Right are the dudes writing shady hard to access articles in the web.
— JulioBs_c (@JulioBs_c) August 19, 2020
It’s so insulting & dangerous how some people think all you doctors are part of an elaborate hoax. As if you’re happily working all day pretending to treat a fake virus.
I’m so sorry this nonsense is impeding all your hard work to help eradicate the effects of this pandemic.
— Anouk72 (@Anouk724) August 19, 2020
Seriously @TheRealPatCash THIS is how you think. You need to stick to tennis. I am sickened by this. Making up your own mind - whilst spouting off someone else's fiction. Rubbish. Do you have parents, grandparents, loved ones. Will you wear a mask.?
— Anne Taylor (@AnnieMTaylor) August 19, 2020
Very sad to see yet another person swallow this blatant nonsense. A sad epitaph to your career, Pat. Embarrassing at best.
— MsGoHardVictoriaWeCanDoThisPraxis (@MsPraxis) August 19, 2020
That’s as far as I’ll be going into that then. How disappointing from Pat. pic.twitter.com/F0akPDR9Xm
— Tom Carpenter (@Carpo34) August 19, 2020
"unsafe".... I should say so.
"Back to previous page" - thanks, I will. pic.twitter.com/IkebYzckbe
— sharon k roberts (@teachjourno) August 19, 2020
A spokesperson for Twitter told Forbes the link would not be completely banned because users are frequently “[disputing] the claims in real time with the link included as context.”
Pat Cash slams US Open virus regulations
Meanwhile, Cash has also taken aim the regulations put in place to protect players at this month’s US Open, describing them as “ridiculous” and “overkill”.
Forty ‘social distance ambassadors’ will monitor the US Open grounds to make sure players and others are avoiding close contact and wearing face coverings at the upcoming New York grand slam.
The US Tennis Association bought 500,000 masks to distribute as part of efforts to avoid a coronavirus outbreak during the fan-free tournament starting on August 31.
“We're trying to leave nothing to chance and make it as stress-free for the players as possible,” Billie Jean King National Tennis Centre chief operating officer Danny Zausner said.
The USTA announced on Tuesday that one person, who is not a player, turned up positive for COVID-19 out of 1400 tests administered in the controlled environment set up for the US Open.

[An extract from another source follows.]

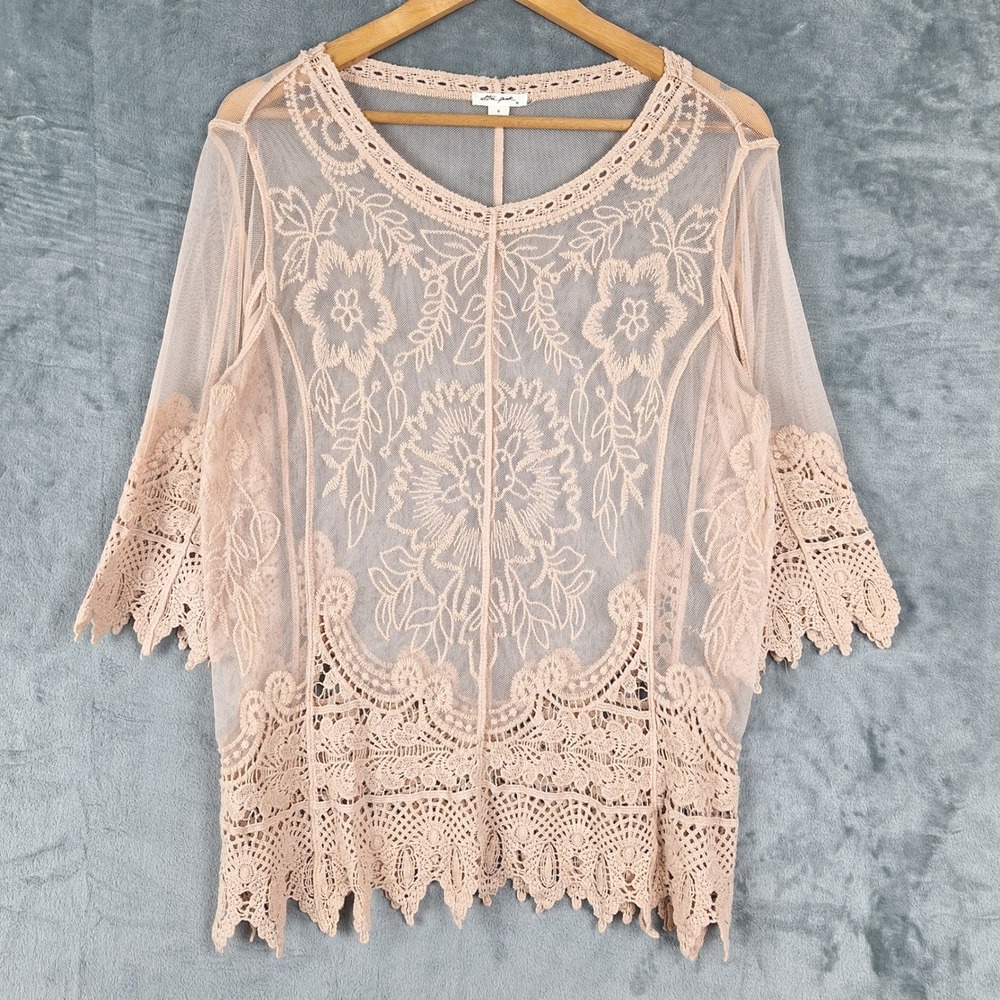 Delicate Lace Overlay Top in Blush Pink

Two tests are taken 48 hours apart when a player or member of an entourage arrives at one of the two official hotels or one of the private homes the USTA made available for rent on Long Island.
But according to Cash, who was required to be tested because of his role as a commentator for Eurosport, it’s too much.

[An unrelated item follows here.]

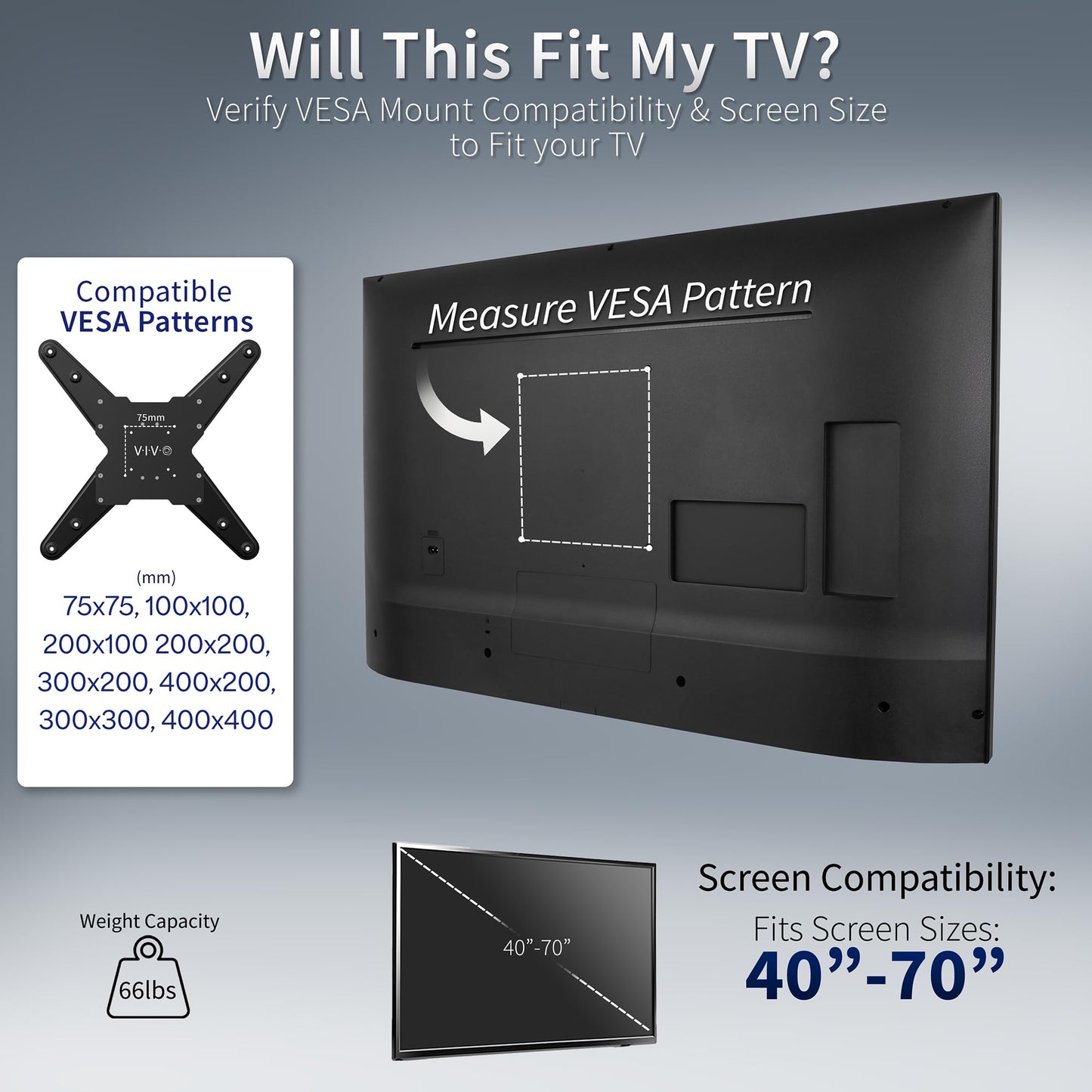 VIVO Exposed Column 40 to 70 inch TV Pneumatic Arm Pillar Mount for LED LCD Plasma Screens, Silver, Mount-TVCL1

“US open tennis ‘bubble’ procedure – 6.30 am first round of testing in hotel (who else would have that type of carpet) now to wait (approx 24 hrs)for results locked in the room,” the 1987 Wimbledon champion posted on Instagram.
“This makes sense but as I read through the rules it seems that many are completely ridiculous and overkill.”
Two players in US Open bubble sent to quarantine
On Wednesday, two players within the US Open bubble were dropped from the ATP and WTA’s lead-up event (the Western and Southern Open) and sent into quarantine after contact with the COVID-19 positive individual.
The person who tested positive is in isolation for 10 days but contract tracing showed two players, neither of whom was identified, had been in “close and prolonged contact” with the individual.
The players have not experienced any COVID-19 symptoms but after input from the US Open medical team and in consultation with the New York City Department of Health, they were removed from the Western and Southern Open and sent into quarantine.
“We expected this to happen,” USTA CEO Mike Dowse said.
“Mathematically, we expected to have a positive, if not more than one. So we did anticipate this and we have put very specific protocol in place to prevent this from spreading broadly.
“Our No.1 priority is to take care of this person first, and secondly to prevent the spread from going any further.”
Once the US Open begins, a player testing positive would be kicked out of the tournament.
“This is all about mitigation of risk, lessening the exposure,” tournament director Stacey Allaster said.
She said about 350 players - roughly 90 per cent of the field - were already in the “bubble”.